Integrate vector raster data with geodb and xcube stac
Create NDVI time series for EuroCrop field geometries¶
A DeepESDL example notebook¶
This notebooks shows an example on how to use xcube-geodb
and xcube-stac
to combine vector and raster data. In this examples NDVI time series will be extracted for agricultural fields in a study area in Lower Saxony (Germany). The field geometries are accessed from a xcube-geodb
database containing EuroCrops data collections and the NDVI is retreived from Sentinel-2 L2A data, accessed via xcube-stac
.
Note: In order to access data from xcube geoDB, you need credentials. If you want to store feature data in xcubes geoDB or access existing data, please contact the DeepESDL team. If the DeepESDL team has created access for you already, your credentials are saved as env variables. The Sentinel-2 data can be accessed via S3, where key and secret can be obtained following the CDSE access documentation to EO data via S3. The store object will receive the key and secret upon initialization, as demonstrated below.
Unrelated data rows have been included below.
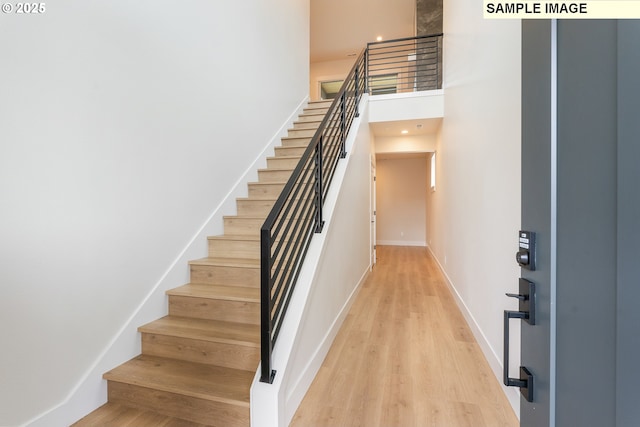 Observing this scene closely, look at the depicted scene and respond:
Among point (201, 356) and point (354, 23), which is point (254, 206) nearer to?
point (201, 356)

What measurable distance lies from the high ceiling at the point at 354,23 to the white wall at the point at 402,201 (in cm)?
326

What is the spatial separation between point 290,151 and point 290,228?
176 centimetres

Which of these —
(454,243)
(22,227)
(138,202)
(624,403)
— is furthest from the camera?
(454,243)

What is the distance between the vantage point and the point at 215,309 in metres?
2.02

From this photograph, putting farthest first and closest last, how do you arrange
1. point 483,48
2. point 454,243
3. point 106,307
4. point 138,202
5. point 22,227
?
1. point 454,243
2. point 483,48
3. point 138,202
4. point 106,307
5. point 22,227

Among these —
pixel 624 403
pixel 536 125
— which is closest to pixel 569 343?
pixel 624 403

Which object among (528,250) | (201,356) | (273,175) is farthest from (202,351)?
(273,175)

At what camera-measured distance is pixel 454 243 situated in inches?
137

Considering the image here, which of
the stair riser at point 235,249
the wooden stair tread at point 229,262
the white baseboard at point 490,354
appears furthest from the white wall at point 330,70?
the white baseboard at point 490,354

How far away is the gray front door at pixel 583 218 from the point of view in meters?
0.55

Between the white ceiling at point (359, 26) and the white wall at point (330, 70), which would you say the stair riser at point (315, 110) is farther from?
the white wall at point (330, 70)

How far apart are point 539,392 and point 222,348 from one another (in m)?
1.55

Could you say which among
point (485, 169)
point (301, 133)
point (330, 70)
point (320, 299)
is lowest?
point (320, 299)

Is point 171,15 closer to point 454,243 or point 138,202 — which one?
point 138,202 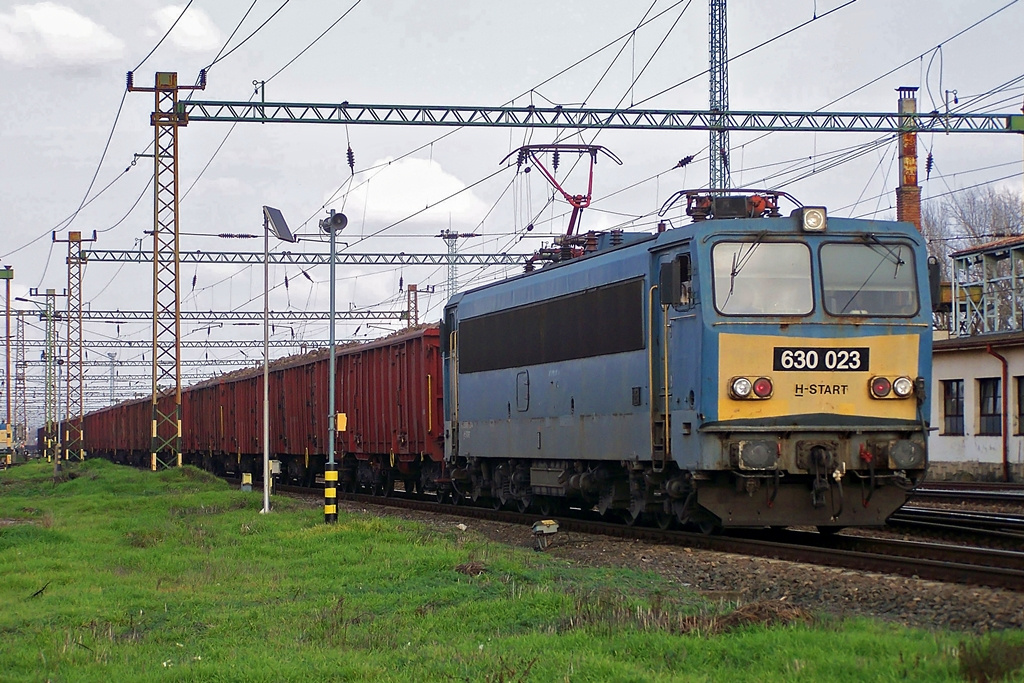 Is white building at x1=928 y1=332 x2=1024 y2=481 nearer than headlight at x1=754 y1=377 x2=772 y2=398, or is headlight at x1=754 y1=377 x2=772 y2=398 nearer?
headlight at x1=754 y1=377 x2=772 y2=398

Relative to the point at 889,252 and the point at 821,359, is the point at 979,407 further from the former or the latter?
the point at 821,359

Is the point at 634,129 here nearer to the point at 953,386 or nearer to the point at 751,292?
the point at 953,386

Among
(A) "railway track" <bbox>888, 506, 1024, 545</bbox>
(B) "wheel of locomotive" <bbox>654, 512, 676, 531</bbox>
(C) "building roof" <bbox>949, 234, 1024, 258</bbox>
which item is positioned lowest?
(A) "railway track" <bbox>888, 506, 1024, 545</bbox>

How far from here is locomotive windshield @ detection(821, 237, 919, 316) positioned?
1394cm

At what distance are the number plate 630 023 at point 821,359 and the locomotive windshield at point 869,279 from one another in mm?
452

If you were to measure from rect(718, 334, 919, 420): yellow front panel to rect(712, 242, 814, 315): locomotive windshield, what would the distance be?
1.21 feet

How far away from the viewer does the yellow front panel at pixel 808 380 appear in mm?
13484

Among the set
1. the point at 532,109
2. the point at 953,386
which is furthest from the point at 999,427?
the point at 532,109

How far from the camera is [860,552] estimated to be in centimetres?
1338

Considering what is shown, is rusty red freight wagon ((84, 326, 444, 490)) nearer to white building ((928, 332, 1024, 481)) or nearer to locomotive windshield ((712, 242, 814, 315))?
locomotive windshield ((712, 242, 814, 315))

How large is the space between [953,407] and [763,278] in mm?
21913

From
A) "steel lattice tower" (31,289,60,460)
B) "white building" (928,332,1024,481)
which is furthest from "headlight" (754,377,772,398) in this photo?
"steel lattice tower" (31,289,60,460)

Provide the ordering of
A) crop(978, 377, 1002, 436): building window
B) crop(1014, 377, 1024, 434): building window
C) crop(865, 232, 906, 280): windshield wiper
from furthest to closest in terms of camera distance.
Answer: crop(978, 377, 1002, 436): building window → crop(1014, 377, 1024, 434): building window → crop(865, 232, 906, 280): windshield wiper

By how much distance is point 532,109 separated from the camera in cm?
2802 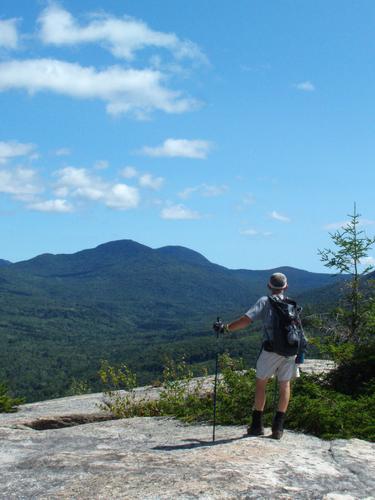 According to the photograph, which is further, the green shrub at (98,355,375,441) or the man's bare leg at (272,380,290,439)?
the green shrub at (98,355,375,441)

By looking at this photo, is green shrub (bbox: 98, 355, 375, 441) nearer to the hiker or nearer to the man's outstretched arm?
the hiker

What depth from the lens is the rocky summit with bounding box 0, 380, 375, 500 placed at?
593cm

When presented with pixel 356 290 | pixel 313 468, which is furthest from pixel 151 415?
pixel 356 290

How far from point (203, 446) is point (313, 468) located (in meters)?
→ 1.70

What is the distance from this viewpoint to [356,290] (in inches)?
671

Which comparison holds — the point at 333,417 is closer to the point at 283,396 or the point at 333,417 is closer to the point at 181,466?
the point at 283,396

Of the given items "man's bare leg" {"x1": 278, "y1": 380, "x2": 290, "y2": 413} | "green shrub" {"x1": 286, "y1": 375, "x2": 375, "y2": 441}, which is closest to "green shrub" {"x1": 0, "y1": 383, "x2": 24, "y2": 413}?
"green shrub" {"x1": 286, "y1": 375, "x2": 375, "y2": 441}

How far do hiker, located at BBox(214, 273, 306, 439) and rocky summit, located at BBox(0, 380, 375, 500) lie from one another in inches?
13.3

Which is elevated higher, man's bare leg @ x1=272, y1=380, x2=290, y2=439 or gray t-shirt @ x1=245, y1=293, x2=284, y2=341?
gray t-shirt @ x1=245, y1=293, x2=284, y2=341

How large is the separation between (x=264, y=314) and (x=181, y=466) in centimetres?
236

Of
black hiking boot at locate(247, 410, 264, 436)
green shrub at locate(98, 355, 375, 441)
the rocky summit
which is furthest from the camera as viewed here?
green shrub at locate(98, 355, 375, 441)

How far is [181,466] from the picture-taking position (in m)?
Result: 6.68

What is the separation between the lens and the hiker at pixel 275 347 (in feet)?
26.0

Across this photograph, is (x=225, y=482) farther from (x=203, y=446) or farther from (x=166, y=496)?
(x=203, y=446) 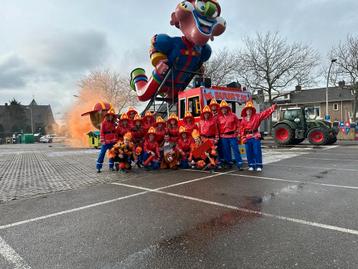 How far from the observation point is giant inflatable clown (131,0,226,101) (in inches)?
404

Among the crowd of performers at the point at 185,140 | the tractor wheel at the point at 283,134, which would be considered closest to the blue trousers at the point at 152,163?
the crowd of performers at the point at 185,140

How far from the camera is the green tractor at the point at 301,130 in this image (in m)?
15.8

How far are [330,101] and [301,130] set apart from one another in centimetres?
3207

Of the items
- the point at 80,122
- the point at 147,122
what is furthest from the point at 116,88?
the point at 147,122

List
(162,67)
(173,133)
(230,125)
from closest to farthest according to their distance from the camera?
(230,125) < (173,133) < (162,67)

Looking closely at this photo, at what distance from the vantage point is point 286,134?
647 inches

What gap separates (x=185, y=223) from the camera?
360 cm

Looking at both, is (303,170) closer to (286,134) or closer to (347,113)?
(286,134)

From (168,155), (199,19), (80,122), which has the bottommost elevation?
(168,155)

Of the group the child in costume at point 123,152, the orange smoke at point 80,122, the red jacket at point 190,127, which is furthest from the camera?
the orange smoke at point 80,122

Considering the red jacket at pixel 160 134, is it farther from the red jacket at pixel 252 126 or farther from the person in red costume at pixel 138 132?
the red jacket at pixel 252 126

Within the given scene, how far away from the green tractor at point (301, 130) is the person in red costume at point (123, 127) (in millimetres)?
11433

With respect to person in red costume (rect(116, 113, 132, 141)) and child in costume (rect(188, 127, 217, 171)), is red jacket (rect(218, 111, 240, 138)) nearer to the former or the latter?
child in costume (rect(188, 127, 217, 171))

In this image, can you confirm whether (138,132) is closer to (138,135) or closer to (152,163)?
(138,135) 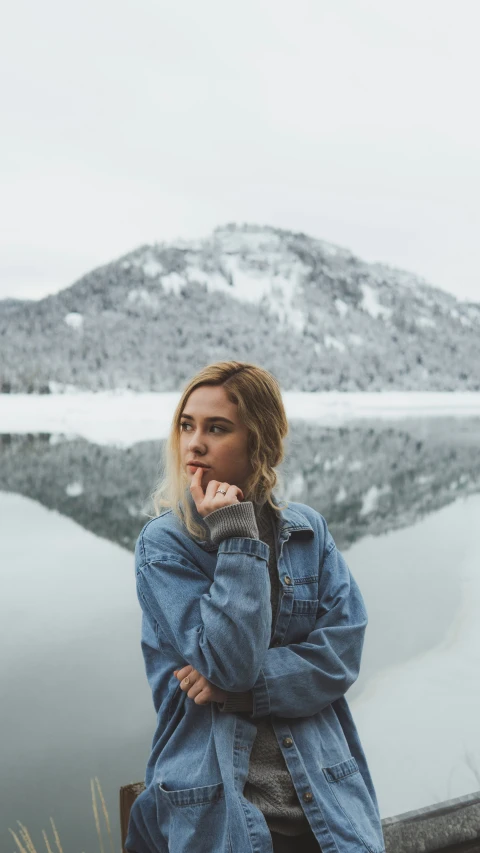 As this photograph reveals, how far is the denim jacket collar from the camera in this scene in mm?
919

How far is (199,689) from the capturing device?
0.83 metres

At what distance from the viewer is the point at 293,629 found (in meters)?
0.94

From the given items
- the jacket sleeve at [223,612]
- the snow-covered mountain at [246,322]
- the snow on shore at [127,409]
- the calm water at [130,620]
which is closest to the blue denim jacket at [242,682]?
the jacket sleeve at [223,612]

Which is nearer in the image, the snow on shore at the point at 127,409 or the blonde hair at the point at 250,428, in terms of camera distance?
the blonde hair at the point at 250,428

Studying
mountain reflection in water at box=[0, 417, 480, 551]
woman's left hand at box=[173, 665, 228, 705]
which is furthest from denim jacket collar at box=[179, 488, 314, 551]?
mountain reflection in water at box=[0, 417, 480, 551]

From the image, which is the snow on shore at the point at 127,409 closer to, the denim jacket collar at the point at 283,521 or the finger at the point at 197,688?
the denim jacket collar at the point at 283,521

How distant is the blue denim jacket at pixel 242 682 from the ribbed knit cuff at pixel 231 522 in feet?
0.04

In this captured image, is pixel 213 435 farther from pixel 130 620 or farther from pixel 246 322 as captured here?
pixel 246 322

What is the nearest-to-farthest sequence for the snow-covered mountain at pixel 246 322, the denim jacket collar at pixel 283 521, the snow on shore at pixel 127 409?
1. the denim jacket collar at pixel 283 521
2. the snow on shore at pixel 127 409
3. the snow-covered mountain at pixel 246 322

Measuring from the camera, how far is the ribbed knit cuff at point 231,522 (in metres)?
0.84

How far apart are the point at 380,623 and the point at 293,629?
21.1 ft

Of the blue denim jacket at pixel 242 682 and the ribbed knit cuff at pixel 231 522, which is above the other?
the ribbed knit cuff at pixel 231 522

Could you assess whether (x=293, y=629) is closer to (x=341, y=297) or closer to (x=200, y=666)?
(x=200, y=666)

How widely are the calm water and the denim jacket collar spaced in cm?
17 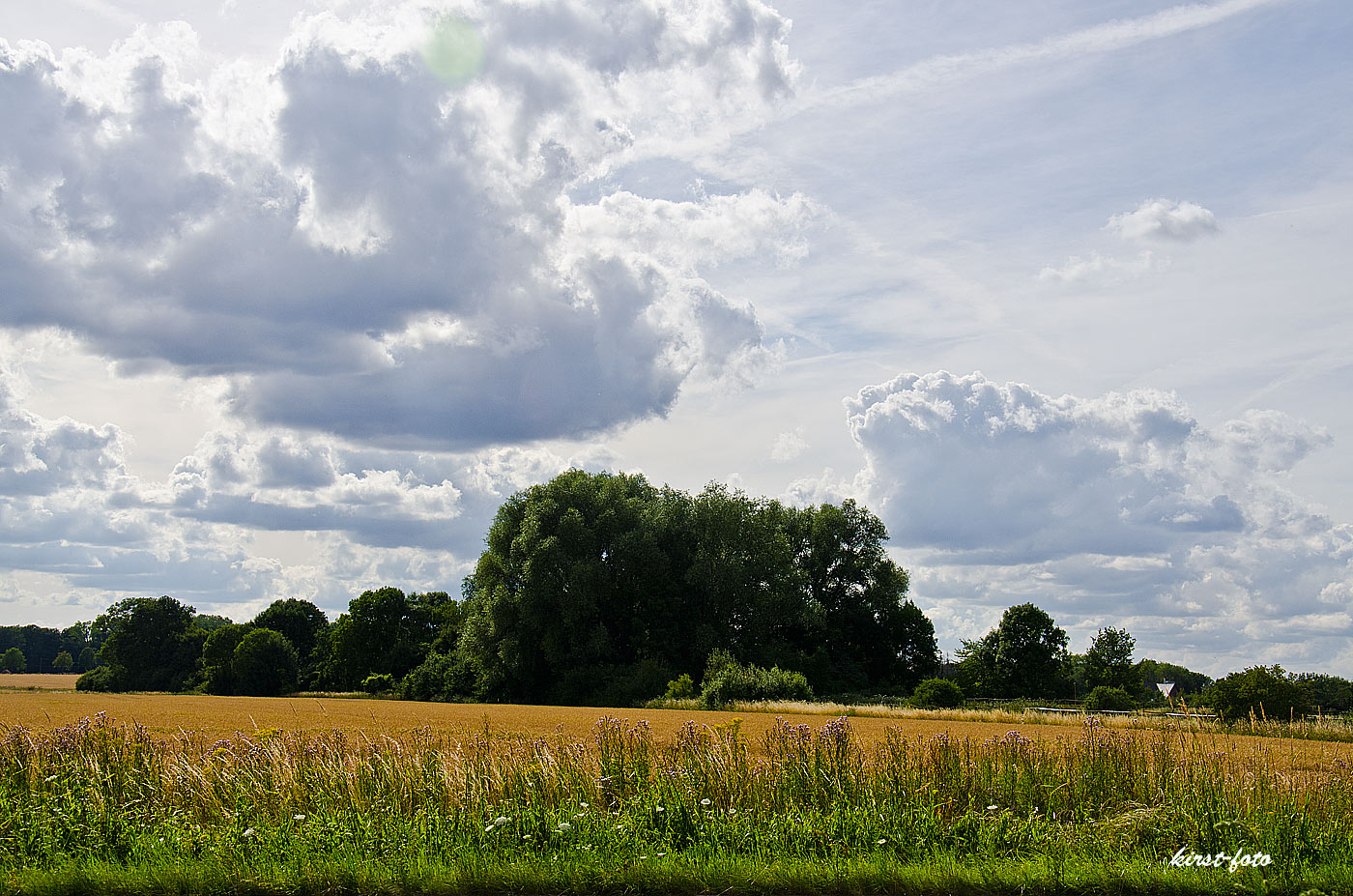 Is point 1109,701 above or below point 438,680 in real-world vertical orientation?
above

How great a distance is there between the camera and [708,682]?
5553 cm

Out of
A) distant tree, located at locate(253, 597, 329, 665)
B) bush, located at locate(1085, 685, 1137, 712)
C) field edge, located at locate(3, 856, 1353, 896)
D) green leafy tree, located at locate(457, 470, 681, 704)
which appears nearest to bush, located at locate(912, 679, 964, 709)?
bush, located at locate(1085, 685, 1137, 712)

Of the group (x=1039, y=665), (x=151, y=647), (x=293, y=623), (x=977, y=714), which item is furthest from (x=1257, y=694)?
(x=151, y=647)

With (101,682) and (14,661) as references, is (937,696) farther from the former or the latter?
(14,661)

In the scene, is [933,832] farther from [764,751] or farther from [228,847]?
[228,847]

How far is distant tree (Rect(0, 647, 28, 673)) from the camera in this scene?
551 ft

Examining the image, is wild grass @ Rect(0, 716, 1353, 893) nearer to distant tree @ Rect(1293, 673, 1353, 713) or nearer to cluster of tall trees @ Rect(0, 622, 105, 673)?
distant tree @ Rect(1293, 673, 1353, 713)

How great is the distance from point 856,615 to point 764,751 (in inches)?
2724

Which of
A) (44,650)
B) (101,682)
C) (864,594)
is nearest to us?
(864,594)

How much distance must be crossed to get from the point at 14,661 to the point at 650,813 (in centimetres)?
19939

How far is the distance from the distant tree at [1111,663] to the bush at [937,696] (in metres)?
25.8

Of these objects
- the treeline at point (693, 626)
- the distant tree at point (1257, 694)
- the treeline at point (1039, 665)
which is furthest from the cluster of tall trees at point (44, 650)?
the distant tree at point (1257, 694)

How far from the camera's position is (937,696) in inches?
2080

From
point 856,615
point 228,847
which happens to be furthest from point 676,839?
point 856,615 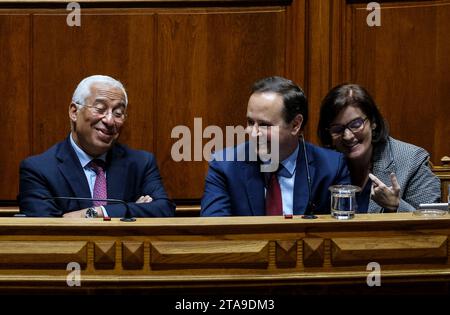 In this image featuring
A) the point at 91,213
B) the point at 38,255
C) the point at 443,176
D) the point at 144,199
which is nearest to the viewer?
the point at 38,255

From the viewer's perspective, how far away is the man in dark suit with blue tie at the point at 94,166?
5.52 feet

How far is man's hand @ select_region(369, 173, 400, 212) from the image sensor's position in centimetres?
155

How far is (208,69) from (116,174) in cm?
44

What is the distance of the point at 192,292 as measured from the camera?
1338 millimetres

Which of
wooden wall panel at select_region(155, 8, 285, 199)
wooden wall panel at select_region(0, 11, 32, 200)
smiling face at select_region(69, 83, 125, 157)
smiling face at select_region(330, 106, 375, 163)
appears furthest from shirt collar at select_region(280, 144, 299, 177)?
wooden wall panel at select_region(0, 11, 32, 200)

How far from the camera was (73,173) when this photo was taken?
171cm

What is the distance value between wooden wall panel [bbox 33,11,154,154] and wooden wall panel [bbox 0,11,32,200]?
19 millimetres

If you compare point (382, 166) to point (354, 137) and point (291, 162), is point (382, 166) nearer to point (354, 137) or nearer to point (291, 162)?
point (354, 137)

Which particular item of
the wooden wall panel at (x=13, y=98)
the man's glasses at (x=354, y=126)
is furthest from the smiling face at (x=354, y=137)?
the wooden wall panel at (x=13, y=98)

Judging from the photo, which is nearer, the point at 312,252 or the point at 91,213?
the point at 312,252

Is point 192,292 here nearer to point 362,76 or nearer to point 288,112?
point 288,112

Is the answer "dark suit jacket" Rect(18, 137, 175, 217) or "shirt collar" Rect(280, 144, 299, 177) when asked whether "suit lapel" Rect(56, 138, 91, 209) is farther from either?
"shirt collar" Rect(280, 144, 299, 177)

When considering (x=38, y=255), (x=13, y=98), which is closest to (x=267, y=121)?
(x=38, y=255)

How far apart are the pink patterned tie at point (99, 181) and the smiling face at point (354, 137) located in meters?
0.42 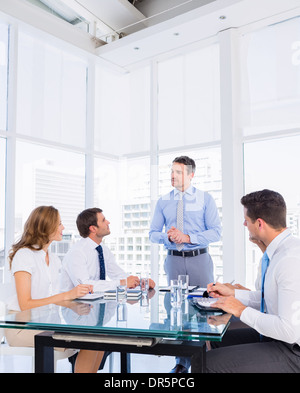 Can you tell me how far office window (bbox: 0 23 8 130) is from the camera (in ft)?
14.2

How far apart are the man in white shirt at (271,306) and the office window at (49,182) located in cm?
321

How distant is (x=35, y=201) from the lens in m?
4.74

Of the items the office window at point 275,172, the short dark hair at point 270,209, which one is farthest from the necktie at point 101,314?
the office window at point 275,172

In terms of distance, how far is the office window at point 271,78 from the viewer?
4164 mm

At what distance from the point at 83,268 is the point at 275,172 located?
2.56 metres

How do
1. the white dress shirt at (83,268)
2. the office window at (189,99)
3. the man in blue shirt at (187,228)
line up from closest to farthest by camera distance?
the white dress shirt at (83,268)
the man in blue shirt at (187,228)
the office window at (189,99)

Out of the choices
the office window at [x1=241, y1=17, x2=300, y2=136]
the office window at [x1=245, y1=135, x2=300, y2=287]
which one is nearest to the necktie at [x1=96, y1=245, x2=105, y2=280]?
the office window at [x1=245, y1=135, x2=300, y2=287]

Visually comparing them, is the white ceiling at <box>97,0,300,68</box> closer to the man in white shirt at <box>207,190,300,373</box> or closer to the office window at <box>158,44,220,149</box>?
the office window at <box>158,44,220,149</box>

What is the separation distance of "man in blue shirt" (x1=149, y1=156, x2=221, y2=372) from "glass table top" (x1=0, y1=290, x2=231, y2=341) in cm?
135

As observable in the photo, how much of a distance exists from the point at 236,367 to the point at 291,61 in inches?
137

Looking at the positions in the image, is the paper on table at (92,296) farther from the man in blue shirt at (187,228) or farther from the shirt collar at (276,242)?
the man in blue shirt at (187,228)

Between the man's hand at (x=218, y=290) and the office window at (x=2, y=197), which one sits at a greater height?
the office window at (x=2, y=197)

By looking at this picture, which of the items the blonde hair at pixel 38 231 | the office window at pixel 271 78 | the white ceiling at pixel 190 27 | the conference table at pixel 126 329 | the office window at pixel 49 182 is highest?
the white ceiling at pixel 190 27

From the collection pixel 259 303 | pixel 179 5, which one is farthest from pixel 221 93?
pixel 259 303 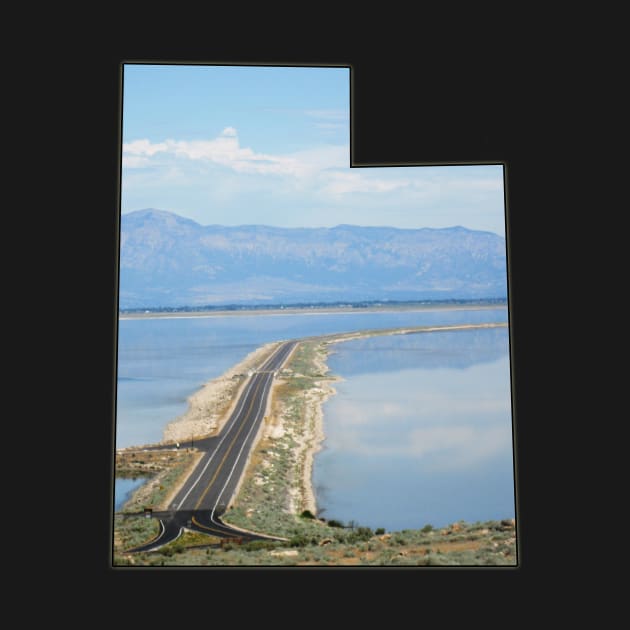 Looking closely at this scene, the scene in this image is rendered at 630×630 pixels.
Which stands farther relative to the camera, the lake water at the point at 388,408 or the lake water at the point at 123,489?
the lake water at the point at 388,408

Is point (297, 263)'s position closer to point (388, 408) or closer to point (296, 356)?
point (296, 356)

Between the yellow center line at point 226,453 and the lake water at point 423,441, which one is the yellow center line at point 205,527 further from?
the lake water at point 423,441

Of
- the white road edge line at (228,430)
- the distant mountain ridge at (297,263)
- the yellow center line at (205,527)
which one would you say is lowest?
the yellow center line at (205,527)

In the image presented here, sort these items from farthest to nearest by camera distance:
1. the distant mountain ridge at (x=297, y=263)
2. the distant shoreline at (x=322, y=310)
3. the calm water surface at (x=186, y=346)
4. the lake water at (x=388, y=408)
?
the distant shoreline at (x=322, y=310) < the distant mountain ridge at (x=297, y=263) < the lake water at (x=388, y=408) < the calm water surface at (x=186, y=346)

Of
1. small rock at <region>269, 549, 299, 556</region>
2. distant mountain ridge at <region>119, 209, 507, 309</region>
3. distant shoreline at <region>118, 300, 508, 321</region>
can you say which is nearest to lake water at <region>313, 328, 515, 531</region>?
distant shoreline at <region>118, 300, 508, 321</region>

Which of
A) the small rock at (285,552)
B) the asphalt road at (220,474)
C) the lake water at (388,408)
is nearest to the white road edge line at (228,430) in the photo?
the asphalt road at (220,474)

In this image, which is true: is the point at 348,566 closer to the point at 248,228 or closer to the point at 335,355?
the point at 335,355

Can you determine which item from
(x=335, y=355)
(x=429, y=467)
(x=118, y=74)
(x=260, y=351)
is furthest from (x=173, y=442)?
(x=118, y=74)

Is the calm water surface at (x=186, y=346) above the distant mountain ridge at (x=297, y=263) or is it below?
below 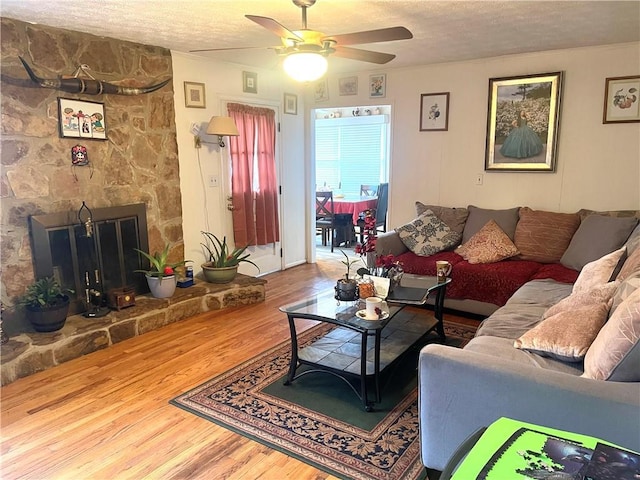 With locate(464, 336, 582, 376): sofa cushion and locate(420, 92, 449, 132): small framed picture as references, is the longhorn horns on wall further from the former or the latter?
locate(464, 336, 582, 376): sofa cushion

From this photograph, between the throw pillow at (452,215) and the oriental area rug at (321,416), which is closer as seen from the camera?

Please, also refer to the DeepESDL documentation and visit the platform's website for further information!
Brockmann Consult, 2025
This notebook runs with the python environment deepesdl-cube-xcube-1.11.0
, please checkout the documentation for help on changing the environment.
import os
import matplotlib.pyplot as plt
from xcube.core.chunk import chunk_dataset
from xcube.core.gridmapping import GridMapping
from xcube.core.resampling import resample_in_time
from xcube.core.store import new_data_store
from xcube.core.timeseries import get_time_series
from xcube_geodb.core.geodb import GeoDBClient
Set S3 credentials for CDSE:
credentials = {
"key": "xxxxx",
"secret": "xxxxx",
}
Study area¶
This example explores NDVI time series from agricultural fields in a region of Lower Saxony, Germany, recorded during the main 2021 growing season.
bbox=(9.371121,53.225776,9.47947,53.298408)
start_time = "2021-05-01"
end_time = "2021-10-15"
Create an NDVI data cube¶
First, let's create a data cube by accessing Sentinel-2 L2A via the STAC API with xcube-stac
.
store = new_data_store("stac-cdse", stack_mode=True, **credentials)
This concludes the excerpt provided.